The Automation Task Force produced a Request For Information (RFI) document .
February 20, 1984. The Board approved a motion to send out the RFI as close to March 1st as possible and to all vendors deemed appropriate based on criteria discussed. Deadline for responses April 16th.
The Board approved funding for an updated CLIC/ACTC AV Directory.
Automation at the statewide level i.e. MSUS/PALS System continued to figure into Board discussions of CLIC automation. The dissolution of the Minnesota, North and South Dakota Regional Online Systems group in May, 1984, reaffirmed the need for CLIC to “do its own thing.”
May 16, 1984. Request to Brodart for a paper printout of CLICs “short entries” in the COM database was authorized. When the printout arrived there were 60,000 items needing correction. This needed to be accomplished by the member libraries and procedures for doing so were implemented.
Summer, 1984. Carlyle System’s. Inc.’s Steve Salmon suggested in a letter to Jack King (MNH) that CLIC become a test site for their system.
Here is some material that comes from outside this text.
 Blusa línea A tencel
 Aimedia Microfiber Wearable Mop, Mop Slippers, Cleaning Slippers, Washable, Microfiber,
The company had also responded to CLIC’s RFI. The Board decided CLIC was not ready for such a step and declined with thanks.
Creation of Request For Proposal (RFP) for an automated system was done during the summer so that it was ready for review by EDUCOM consultants in the fall. Methods of funding an automated system were considered and pursued.
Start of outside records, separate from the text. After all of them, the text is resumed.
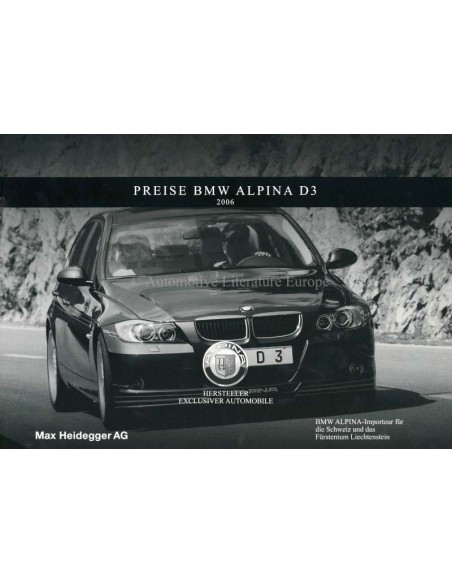 2006 BMW ALPINA D3 PROSPEKT DEUTSCH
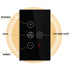 Tuya Zigbee Smart Fan Light Switch US Network Connection APP Control / Assistant Voice Control White
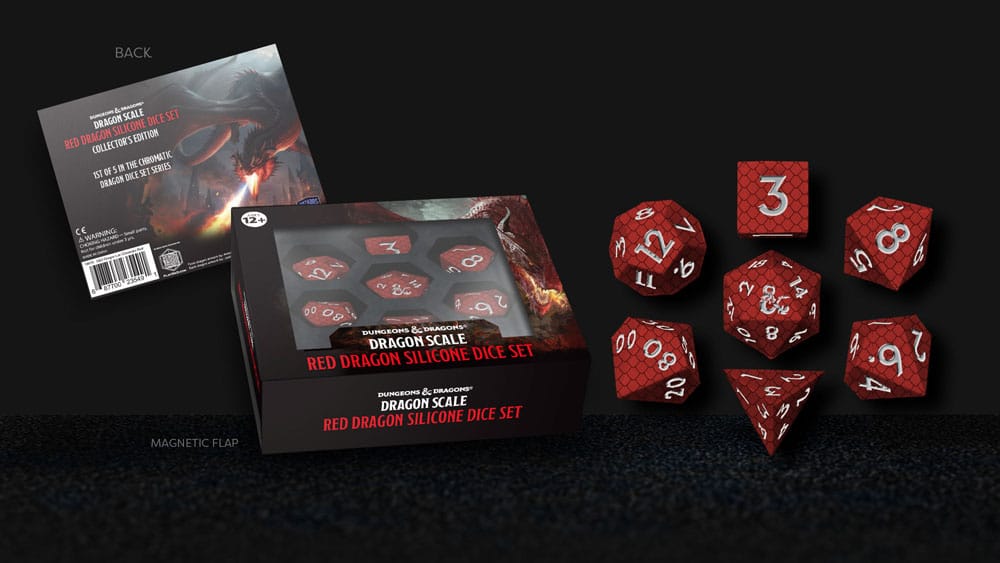 Dungeons & Dragons Premium Silicone Dice Set Dragon Scale Red (7)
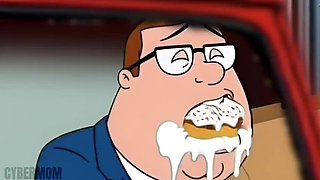 Anime Wife Cheats with BBC - Huge Black Cock Hentai Compilation - Busty 3D Netorare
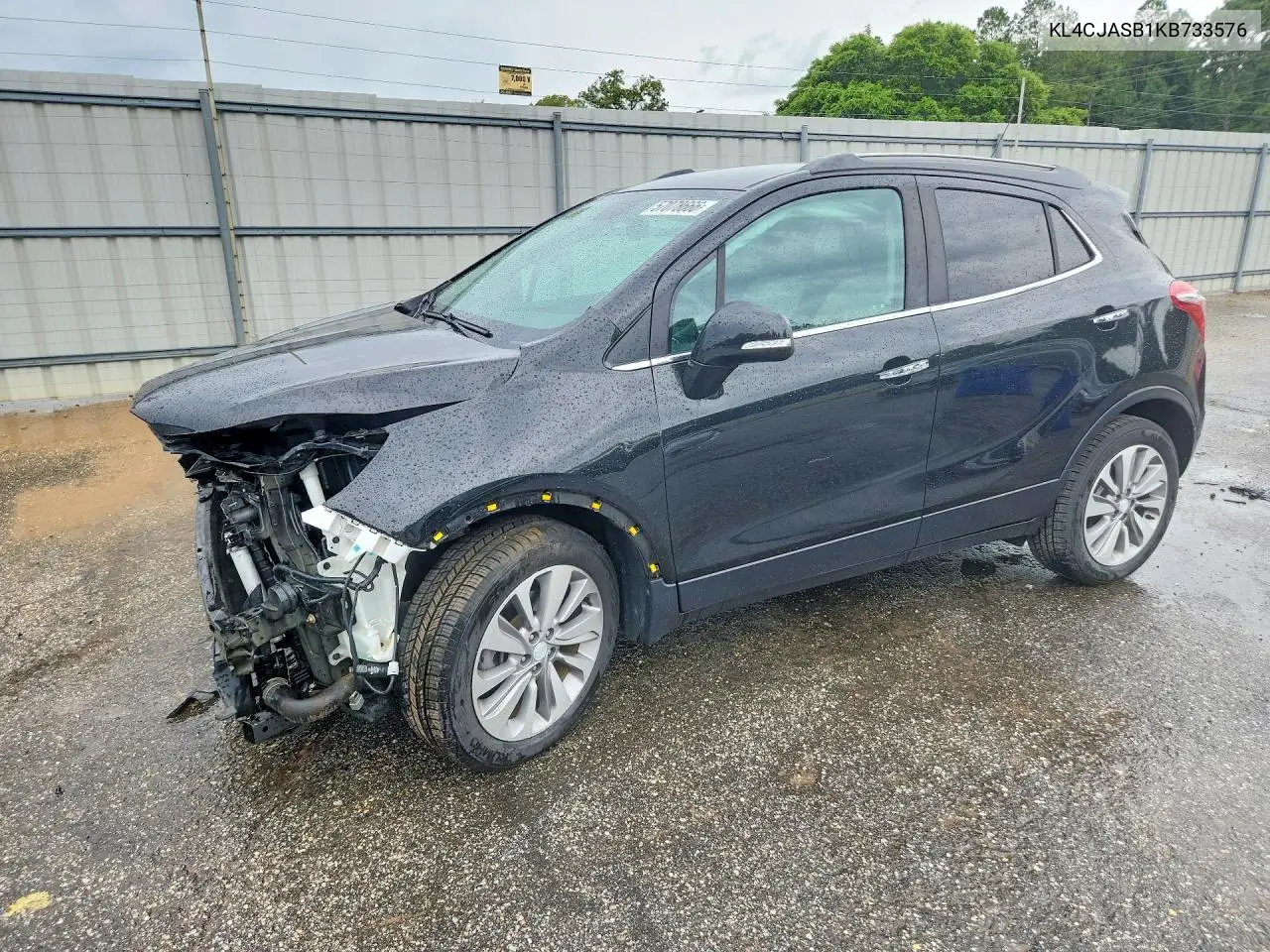 2019 Buick Encore Preferred VIN: KL4CJASB1KB733576 Lot: 57078666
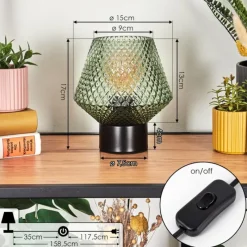 hofstein Paderne Lampe à poser Noir, 1 lumière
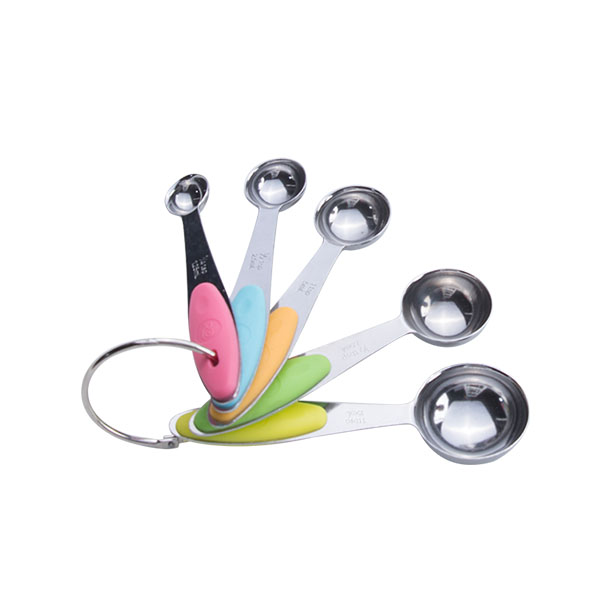 Setkan Spoon Keukuran Besi Tanpa Stainless 5Pcs dengan Handle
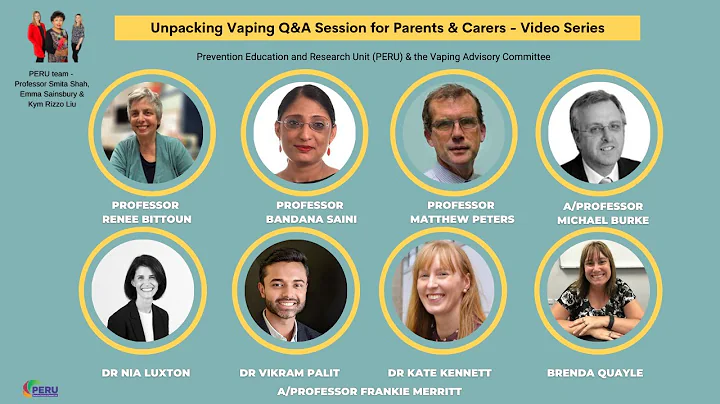 How can we help children see the dangers of vaping?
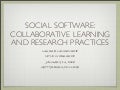 Social Software in Education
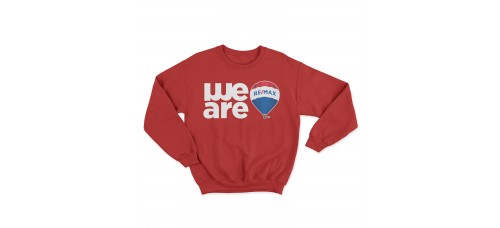 Apparel - RE/MAX Crewneck Sweatshirt Red with We Are and Balloon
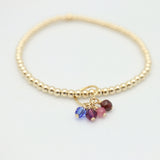 Gold Heart Birthstone Friendship Bracelet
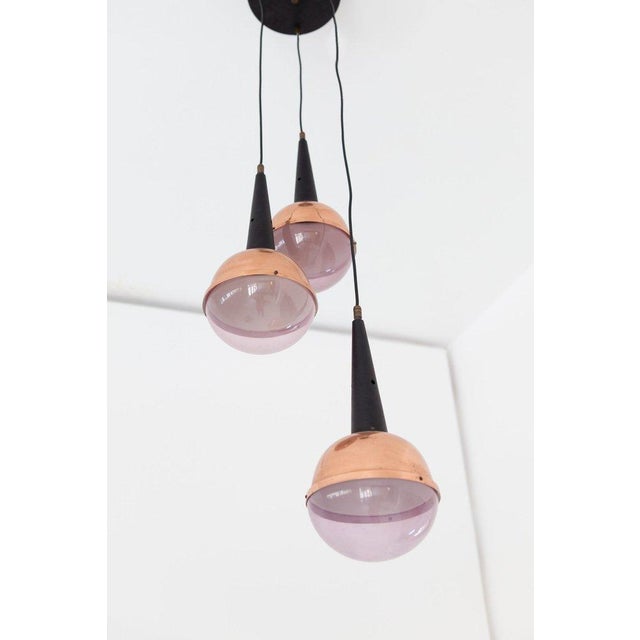 1960s Mid-Century Italian Modern Pendant Lamp, 1960s For Sale - Image 5 of 6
October 17, 1984. The Board passed a significant “philosophical” resolution: “Resolved that CLIC libraries agree that the combined book and periodical collection will be one collection for circulation purposes upon the acceptance of the online system. And further resolved that each institution will retain ownership of the materials which it has purchased for all other purposes.”
The Board finalized their funding package and fund raising strategy for the online system.
November 5, 1984. The Board discussed JoAn Segal, EDUCOM consultant’s report.
The Board passed a “lost book” fee of cost of the book plus ten dollars non-refundable after six months for items lost in CLIC Interlibrary loan exchange. Lost book policy is a recurring theme throughout CLIC history.
Demonstrations of automated library systems began.